Meskipun menggunakan kata “lagu” (song), rancangan naskah para pembantu Bush itu boleh dikata terasa “amis bau darah”. Rancangan naskah tersebut sebenarnya sudah lama dibuat oleh Cheney (Wapres sekarang, dulu Menhan di bawah Presiden George Bush Senior sampai awal 1993) dan sejumlah ghostwriter antara lain Paul Wolfowitz dan Colin Powell. Naskah yang dibuat dengan judul Defence Strategy for the 1990s itu sangat luar biasa. Sempat dibekukan karena sangat kontroversial, tetapi dihidupkan kembali setelah serangan terhadap WTC New York 11 September 2001.

Menurut Armstrong, rencana yang dibuat Cheney dan “kaum rajawali” pembantunya itu adalah rencana AS untuk menguasai dunia secara mutlak. Tema yang ditunjukkan adalah unilateralisme, tetapi pada dasarnya adalah dominasi. Naskah rancangan yang akhirnya bocor ke media itu mendesak agar AS selalu mempertahankan superioritas militer dan mencegah munculnya saingan baru di panggung dunia. Diserukan pula agar AS mendikte baik negara sahabat maupun musuh-musuhnya. Ada tambahannya yang justru menjadi intinya: AS tidak hanya harus lebih kuat, tetapi harus menguasai seluruh dunia secara mutlak.

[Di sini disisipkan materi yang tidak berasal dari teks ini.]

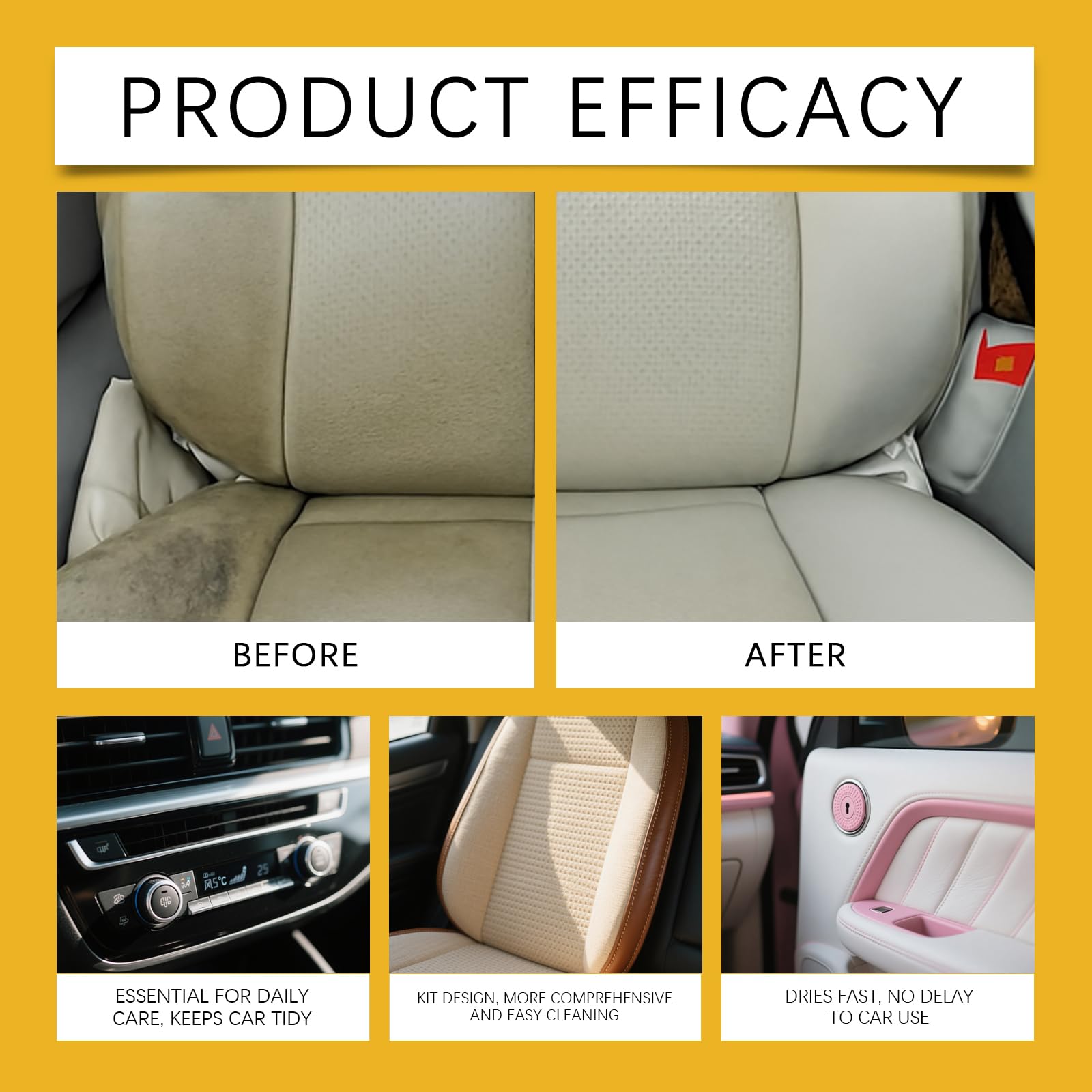 4-in-1-Multi-Schaum-Reiniger & Leder-Conditioner-Kit, Allzweck-Auto-Innenraum-Tiefenreinigungsspray für Sitze, Armaturenbrett, Polsterung & Sofa, No-Rinse-Schaum für Leder, Vinyl & Stoff (6pcs)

Di dunia Islam kebencian masyarakat terhadap Amerika memiliki warna yang mungkin agak lain, karena faktor sikap mendua negeri itu terhadap Israel. Benar bahwa Amerika tampak menekan negara Yahudi tersebut untuk serius dalam berdamai dengan Palestina, tetapi sebenarnya tidak. Sudah menjadi rahasia umum, nyaris tidak ada politikus Amerika yang berani berkata jujur tentang kekuatan Lobi pro-Israel di Washington. Kekuatannya yang luar biasa mampu membungkam mulut dan hati para politikus. “Mereka tidak berani berbicara jujur karena begitu besarnya kekuatan Lobi Israel,” kata Uskup Desmond Tutu tahun lalu.

Uskup Tutu menunjukkan buktinya, Israel memiliki banyak senjata pemusnah massal. Tetapi tak seorang pun di Washington berani berbicara tentang masalah tersebut. Pernyataan pemimpin Katolik kulit hitam Afrika itu dikutip secara luas di seluruh dunia, tetapi tak ada reaksi dari pejabat Amerika.

Kualitas Diplomasi

Hal-hal tersebut di atas adalah fakta-fakta yang sangat mungkin menyebabkan bangkrutnya citra Amerika di negara-negara Islam.

Tetapi ada masalah lain, yang lebih menjadi perhatian Kongres AS. Kongres menyebutkan, penyebab lainnya adalah kualitas bahasa para diplomat dalam melengkapi tujuan pesan. Tentang hal ini memang telah diisyaratkan para pakar yang menyebutkan bahaya diplomasi Amerika karena rendahnya perhatian negeri itu untuk mempelajari bahasa dan budaya Arab, serta negara-negara Islam lainnya.

Penyebab lainnya lagi adalah kurangnya kesatuan metode penyampaian perkembangan bagi kebutuhan kampanye dan kegagalan menyatukan serta mengkoordinasikan berbagai jenis program. “Departemen Luar Negeri tidak secara sistematis dan komprehensif mengambil langkah menuju sasaran diplomasinya secara terbuka,” kata laporan tersebut.

Tetapi logikanya, sebaik apapun kampanye dilakukan, kalau sikap Amerika tidak berubah, maka citranya tetap akan buruk.